- The Guardian
- Issue #2049
Hitler (just like)
By now, everyone has heard of “Godwin’s law”, an internet saying amounting to this: if you compare someone to Hitler or the Nazis, you’ve lost the argument. Not quite everyone, however. Lawyer for the WA industrial registrar, Cav Saraceni, has described the WA branch of the Australian Nursing and Midwifery Federation (ANMF) standing up to the industrial registrar and voting on a strike as being like Hitler. No apology was given, but Saraceni explained that it was the first thing that came to her mind, and instead compared the union to Karl Marx. We’re too polite here to say what the first thing that came into our mind was on hearing about this, but it’s nicer to be compared to Marx, so we suppose Saraceni gets points for trying.
Actively
Rental app Snug is supposedly there to help make life easier for would be tenants and estate agents. Recently, an ABC report found that desperate tenants have paid $80 just to promote their applications with Snug and another such app, before getting into rent bidding by offering $80 more than a listed rental to actually get a roof over their heads. Snug explained that they actively discourage rent bidding. The active approach didn’t extend to telling anyone what they did to discourage it.

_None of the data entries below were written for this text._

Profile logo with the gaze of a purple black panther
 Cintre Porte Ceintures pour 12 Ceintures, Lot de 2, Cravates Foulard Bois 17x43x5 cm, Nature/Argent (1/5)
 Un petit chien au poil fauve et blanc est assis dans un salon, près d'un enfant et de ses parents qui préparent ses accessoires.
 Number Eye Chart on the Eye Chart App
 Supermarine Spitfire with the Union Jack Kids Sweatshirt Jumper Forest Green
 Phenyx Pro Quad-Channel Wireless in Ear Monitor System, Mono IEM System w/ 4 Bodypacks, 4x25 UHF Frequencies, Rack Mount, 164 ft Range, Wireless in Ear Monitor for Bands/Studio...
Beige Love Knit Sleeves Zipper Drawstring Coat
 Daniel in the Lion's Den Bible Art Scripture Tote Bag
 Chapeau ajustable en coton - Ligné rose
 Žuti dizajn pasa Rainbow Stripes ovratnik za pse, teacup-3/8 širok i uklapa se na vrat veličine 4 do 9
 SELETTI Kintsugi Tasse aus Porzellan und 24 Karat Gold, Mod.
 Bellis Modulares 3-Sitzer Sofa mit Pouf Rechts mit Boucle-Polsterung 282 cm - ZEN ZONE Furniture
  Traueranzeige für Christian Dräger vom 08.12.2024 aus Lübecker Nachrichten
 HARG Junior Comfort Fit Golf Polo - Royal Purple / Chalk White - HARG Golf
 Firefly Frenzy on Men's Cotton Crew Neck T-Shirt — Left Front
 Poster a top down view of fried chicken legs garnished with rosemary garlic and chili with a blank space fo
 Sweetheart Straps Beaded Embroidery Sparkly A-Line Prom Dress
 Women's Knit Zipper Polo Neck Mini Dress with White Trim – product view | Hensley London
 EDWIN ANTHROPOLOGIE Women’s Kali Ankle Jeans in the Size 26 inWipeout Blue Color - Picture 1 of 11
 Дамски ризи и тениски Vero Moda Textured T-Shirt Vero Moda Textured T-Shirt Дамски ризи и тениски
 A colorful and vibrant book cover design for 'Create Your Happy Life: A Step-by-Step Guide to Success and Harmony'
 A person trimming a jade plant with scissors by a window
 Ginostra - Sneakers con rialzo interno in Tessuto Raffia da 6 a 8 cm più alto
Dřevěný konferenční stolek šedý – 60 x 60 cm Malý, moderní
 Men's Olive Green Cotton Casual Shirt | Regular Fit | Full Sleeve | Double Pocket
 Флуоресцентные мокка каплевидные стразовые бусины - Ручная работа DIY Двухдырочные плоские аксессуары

Snug is presumably actively hanging on to the money the couple paid to make themselves “stand out from the pack”.
Mature
Normally this word is a euphemism, as when you want to say something about someone’s grey hair, but don’t want to say “old” (hint: saying nothing at all is always an option). David Littleproud has described Dutton’s decision to appoint Jacinta Nampijinpa Price as his shadow minister for Indigenous people as “mature.” Price got the job because Julian Leeser discovered some principles and resigned to support the Yes vote for the Voice to Parliament. Replacing him with a right-wing ally and Voice opponent is not so much “mature” as “expedient”. Given the rate at which Liberals are leaving the sinking Dutton ship, we think Littleproud might be just trying to be polite about “desperate.”
Self-reliant
The word is a weasel word in the topsy-turvy world of serious Australian political commentary. The Nine-Fairfax’s warmonger-in-chief, Peter Hartcher has penned an admiring piece about Penny Wong’s response to Paul Keating’s criticisms of our craven foreign policy. Keating, Hartcher implied, wants Australia to “attach itself to a great power.” In Wong/Hartcher world, we’d be attaching ourselves to China by not stapling ourselves to the USA’s foreign policy. “We will always pursue greater self-reliance,” said Wong. Wong’s government is being self-reliant but mortgaging our future so we can become an American submarine base. We’re self-reliant in the same way that my dog is a submarine designer.
Indispensable
Foreign Minister Penny Wong, busy standing up for Australia’s freedom to ask “how high?” when the USA says “Jump!” is on a mission. Unfortunately for Australian workers, it’s a mission to prove that the Labor Party can be just as slavish towards the US as the Liberal-National Coalition is. In pursuit of this goal, Wong has described the USA as “indispensable.” We’re not so sure. Our phones are indispensable because we’d be lost without them. But we like phones! Our subservience to the US is “indispensable” in the sense of being something both our bourgeois governing parties feel they can’t do without. I’m allowed to leave my phone at home if I want to, but the Labor and Liberal parties just know we’re not allowed to go without the “indispensable” USA, whether we like it or not. No, Australians, we do not get to choose under the current system.